- Work order:
Once you find the line with "レディース刺しゅう入りスウェットパンツ3本" in the data that follows, repeat it and every line after it exactly, through the line with "FDJ Christina Wide".

- Provided information:
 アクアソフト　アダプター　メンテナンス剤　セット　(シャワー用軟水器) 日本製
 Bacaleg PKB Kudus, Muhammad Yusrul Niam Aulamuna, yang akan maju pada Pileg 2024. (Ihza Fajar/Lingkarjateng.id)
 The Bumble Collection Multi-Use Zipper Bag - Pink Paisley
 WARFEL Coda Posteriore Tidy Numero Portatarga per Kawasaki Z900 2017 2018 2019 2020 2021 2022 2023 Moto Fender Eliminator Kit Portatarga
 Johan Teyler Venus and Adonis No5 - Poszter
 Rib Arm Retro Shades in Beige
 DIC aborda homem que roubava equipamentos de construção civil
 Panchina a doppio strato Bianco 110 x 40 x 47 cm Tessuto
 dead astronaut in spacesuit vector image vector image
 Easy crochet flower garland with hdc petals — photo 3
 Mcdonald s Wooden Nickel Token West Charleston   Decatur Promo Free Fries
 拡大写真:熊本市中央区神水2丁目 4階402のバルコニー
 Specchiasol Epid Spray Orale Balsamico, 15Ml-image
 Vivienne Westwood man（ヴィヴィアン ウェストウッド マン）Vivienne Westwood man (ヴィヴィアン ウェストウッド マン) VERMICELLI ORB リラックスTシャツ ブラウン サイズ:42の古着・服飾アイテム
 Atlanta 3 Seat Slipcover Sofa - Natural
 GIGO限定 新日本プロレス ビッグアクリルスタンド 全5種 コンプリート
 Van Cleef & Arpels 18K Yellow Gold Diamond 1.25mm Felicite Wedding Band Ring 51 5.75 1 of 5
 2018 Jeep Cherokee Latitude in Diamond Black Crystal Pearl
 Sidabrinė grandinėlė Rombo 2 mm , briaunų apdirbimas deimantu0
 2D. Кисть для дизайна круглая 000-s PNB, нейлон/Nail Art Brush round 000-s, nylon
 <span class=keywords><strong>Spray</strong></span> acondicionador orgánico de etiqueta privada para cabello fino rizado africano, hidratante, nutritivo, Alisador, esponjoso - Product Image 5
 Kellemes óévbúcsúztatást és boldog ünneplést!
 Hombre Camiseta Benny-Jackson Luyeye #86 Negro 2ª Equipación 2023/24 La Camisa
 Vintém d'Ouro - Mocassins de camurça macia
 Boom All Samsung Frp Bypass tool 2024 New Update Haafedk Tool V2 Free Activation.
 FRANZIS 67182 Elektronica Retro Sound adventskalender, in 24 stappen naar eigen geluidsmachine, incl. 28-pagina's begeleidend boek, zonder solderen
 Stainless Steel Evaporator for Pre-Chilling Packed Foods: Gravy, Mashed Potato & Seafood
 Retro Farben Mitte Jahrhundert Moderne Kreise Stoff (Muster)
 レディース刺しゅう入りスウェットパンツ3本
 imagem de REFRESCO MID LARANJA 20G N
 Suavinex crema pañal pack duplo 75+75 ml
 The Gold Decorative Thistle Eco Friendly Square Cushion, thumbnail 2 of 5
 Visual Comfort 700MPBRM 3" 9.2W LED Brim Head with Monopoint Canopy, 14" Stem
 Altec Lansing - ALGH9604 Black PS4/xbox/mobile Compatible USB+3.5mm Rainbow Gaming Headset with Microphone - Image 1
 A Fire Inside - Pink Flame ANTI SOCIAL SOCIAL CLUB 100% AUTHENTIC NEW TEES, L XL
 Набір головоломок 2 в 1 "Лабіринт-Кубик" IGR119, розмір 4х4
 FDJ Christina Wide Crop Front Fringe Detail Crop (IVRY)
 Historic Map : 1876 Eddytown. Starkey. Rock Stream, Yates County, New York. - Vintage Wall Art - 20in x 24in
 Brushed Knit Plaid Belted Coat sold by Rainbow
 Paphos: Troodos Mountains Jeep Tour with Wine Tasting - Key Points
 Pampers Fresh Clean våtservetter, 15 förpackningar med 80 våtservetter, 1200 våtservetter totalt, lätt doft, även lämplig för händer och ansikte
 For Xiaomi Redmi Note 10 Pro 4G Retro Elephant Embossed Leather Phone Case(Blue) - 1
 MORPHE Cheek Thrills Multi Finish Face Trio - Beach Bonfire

- Expected answer:
 レディース刺しゅう入りスウェットパンツ3本
 imagem de REFRESCO MID LARANJA 20G N
 Suavinex crema pañal pack duplo 75+75 ml
 The Gold Decorative Thistle Eco Friendly Square Cushion, thumbnail 2 of 5
 Visual Comfort 700MPBRM 3" 9.2W LED Brim Head with Monopoint Canopy, 14" Stem
 Altec Lansing - ALGH9604 Black PS4/xbox/mobile Compatible USB+3.5mm Rainbow Gaming Headset with Microphone - Image 1
 A Fire Inside - Pink Flame ANTI SOCIAL SOCIAL CLUB 100% AUTHENTIC NEW TEES, L XL
 Набір головоломок 2 в 1 "Лабіринт-Кубик" IGR119, розмір 4х4
 FDJ Christina Wide Crop Front Fringe Detail Crop (IVRY)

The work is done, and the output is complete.